• STORED DATA:
■ ■ ■ ■ ■ ■ ■

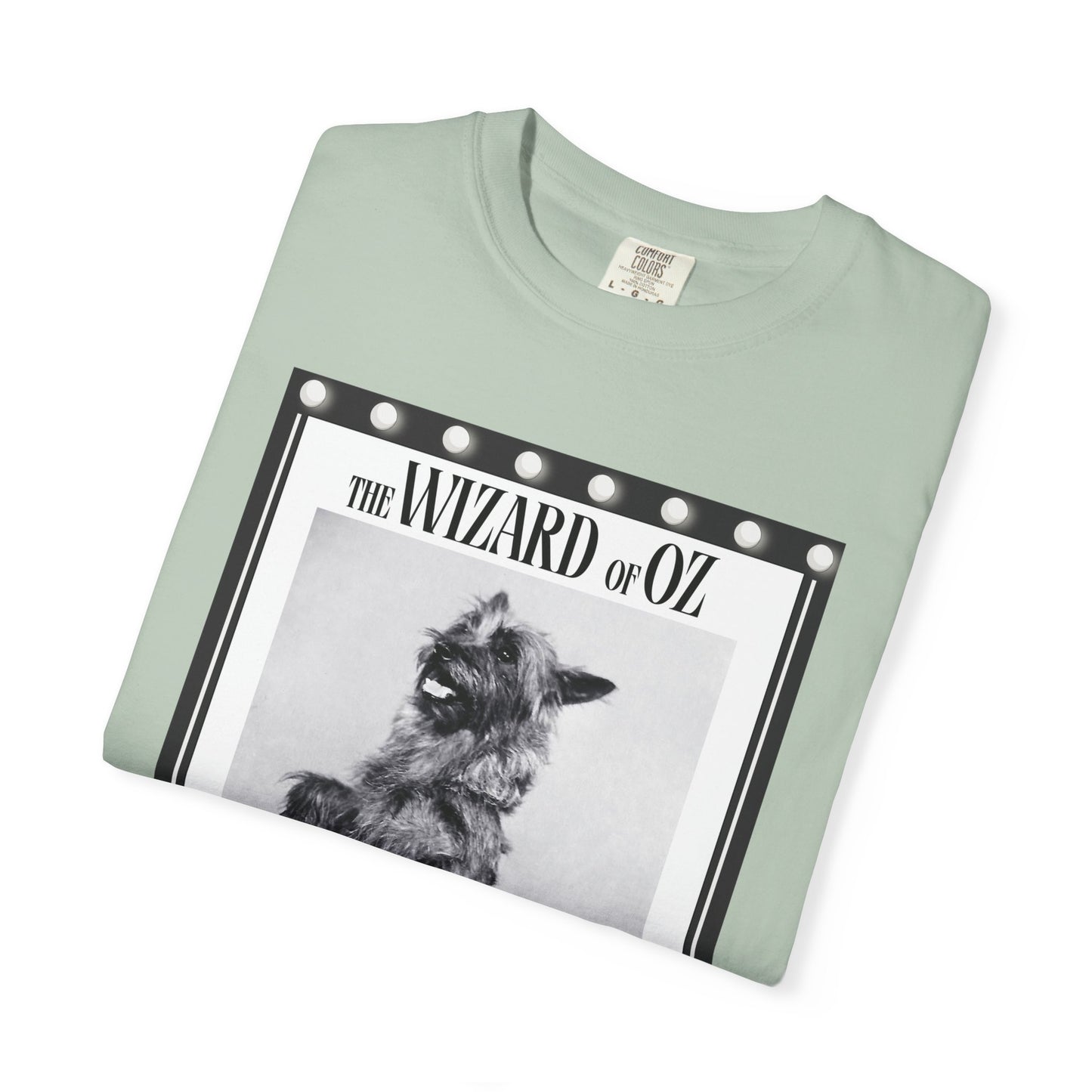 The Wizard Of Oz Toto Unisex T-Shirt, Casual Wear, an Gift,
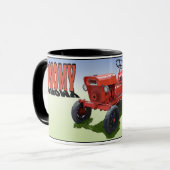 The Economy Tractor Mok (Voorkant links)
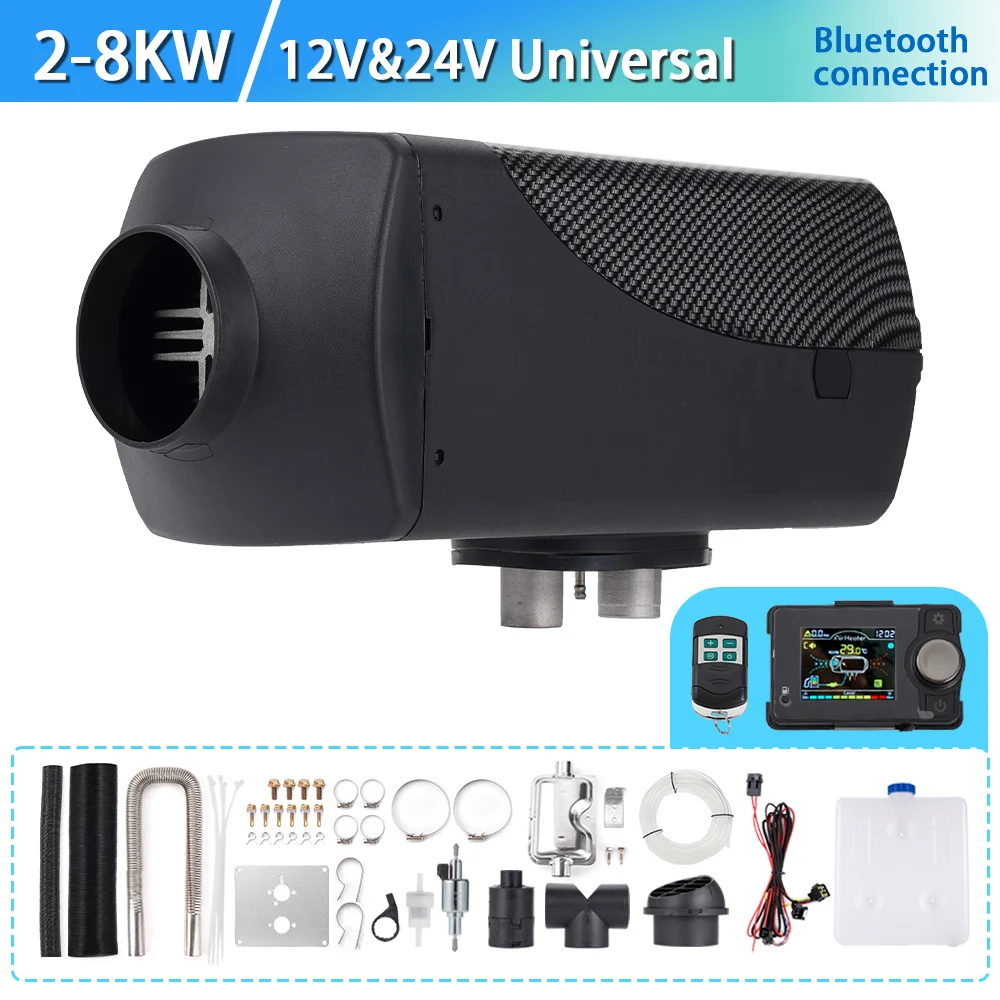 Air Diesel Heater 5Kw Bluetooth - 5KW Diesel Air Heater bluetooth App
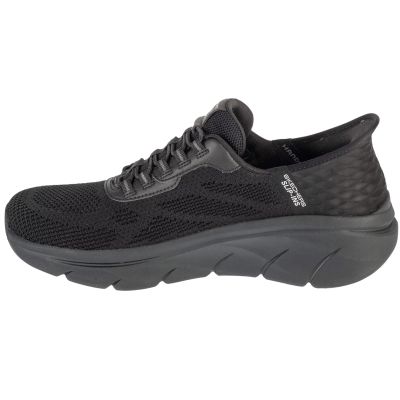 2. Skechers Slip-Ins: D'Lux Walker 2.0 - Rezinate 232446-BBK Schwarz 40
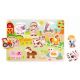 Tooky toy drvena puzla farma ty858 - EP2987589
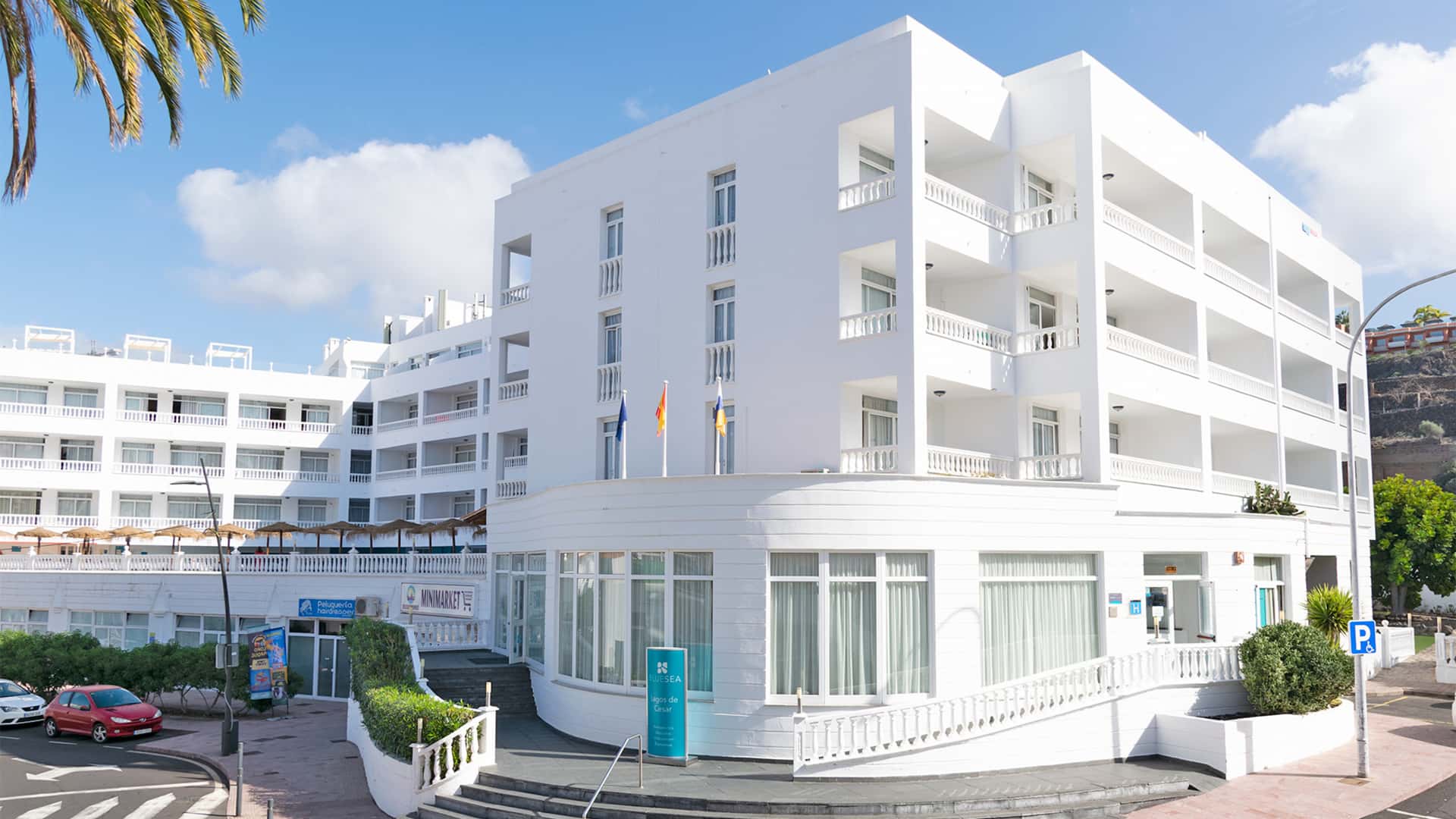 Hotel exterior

■ ■ ■ ■ ■ ■ ■

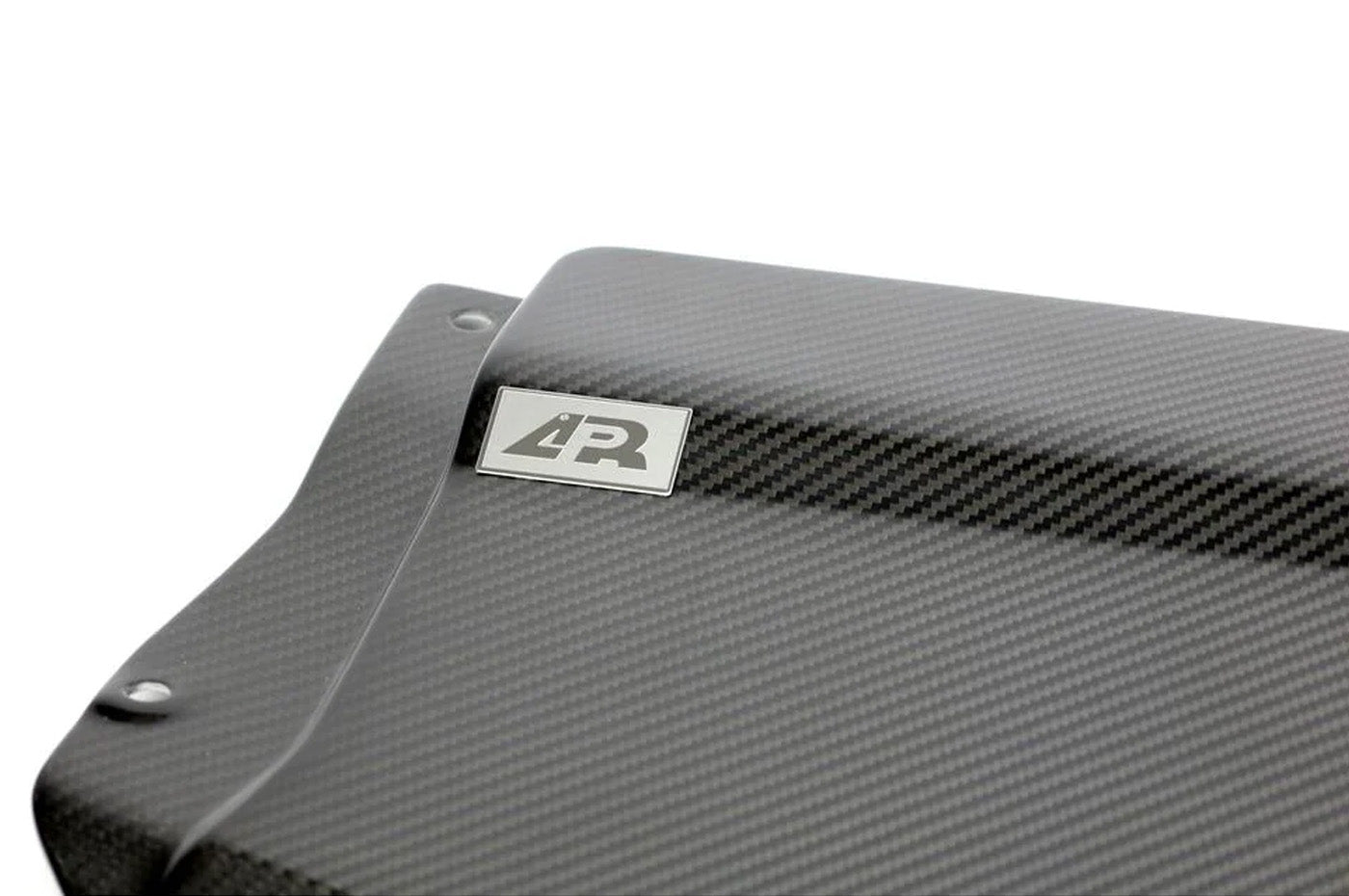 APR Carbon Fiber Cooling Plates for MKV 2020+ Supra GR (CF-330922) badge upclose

■ ■ ■ ■ ■ ■ ■

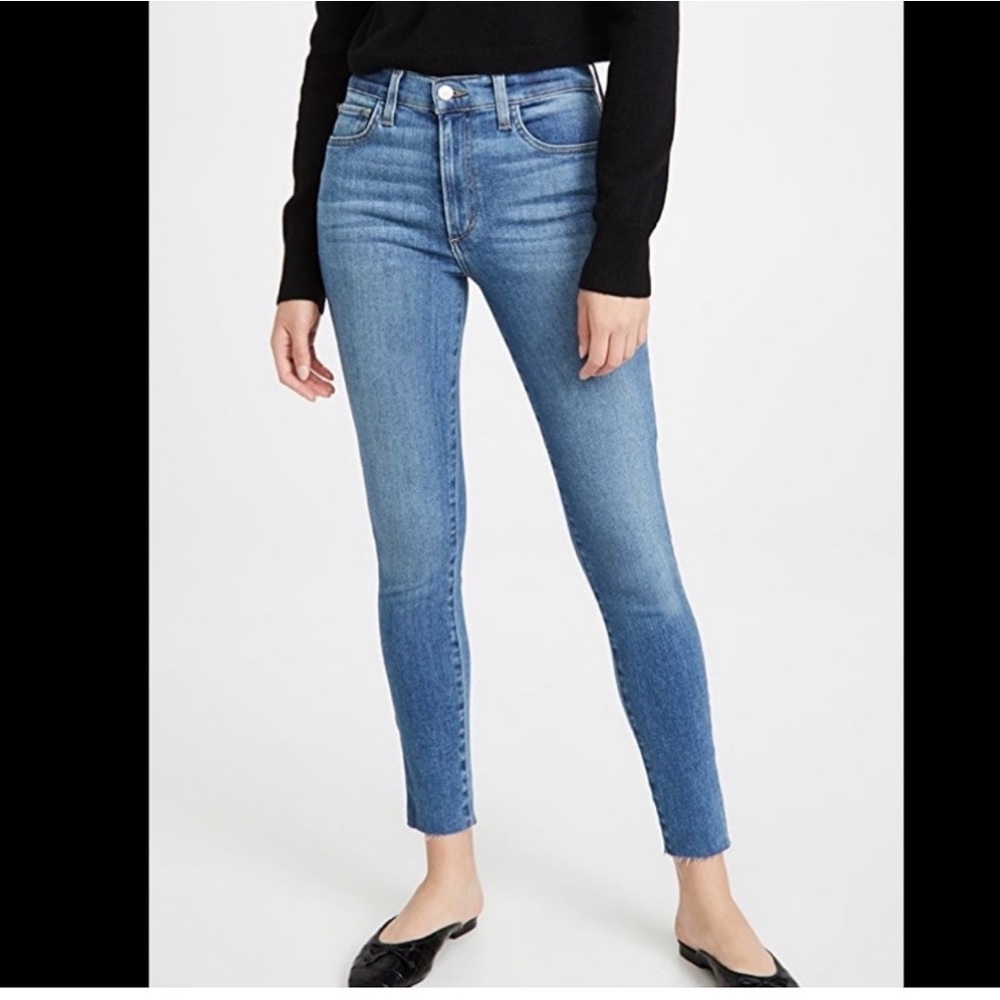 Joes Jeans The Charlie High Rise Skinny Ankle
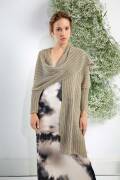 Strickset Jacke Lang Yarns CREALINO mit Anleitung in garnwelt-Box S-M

■ ■ ■ ■ ■ ■ ■

• TRY IT: From the listing above, restate verbatim the lines running from the one with "Air Diesel Heater" through the one with "Hotel exterior", inclusive, but not the pictures.

• ANSWER TO THE PROBLEM:
 Air Diesel Heater 5Kw Bluetooth - 5KW Diesel Air Heater bluetooth App
 2. Skechers Slip-Ins: D'Lux Walker 2.0 - Rezinate 232446-BBK Schwarz 40
 Tooky toy drvena puzla farma ty858 - EP2987589
 Hotel exterior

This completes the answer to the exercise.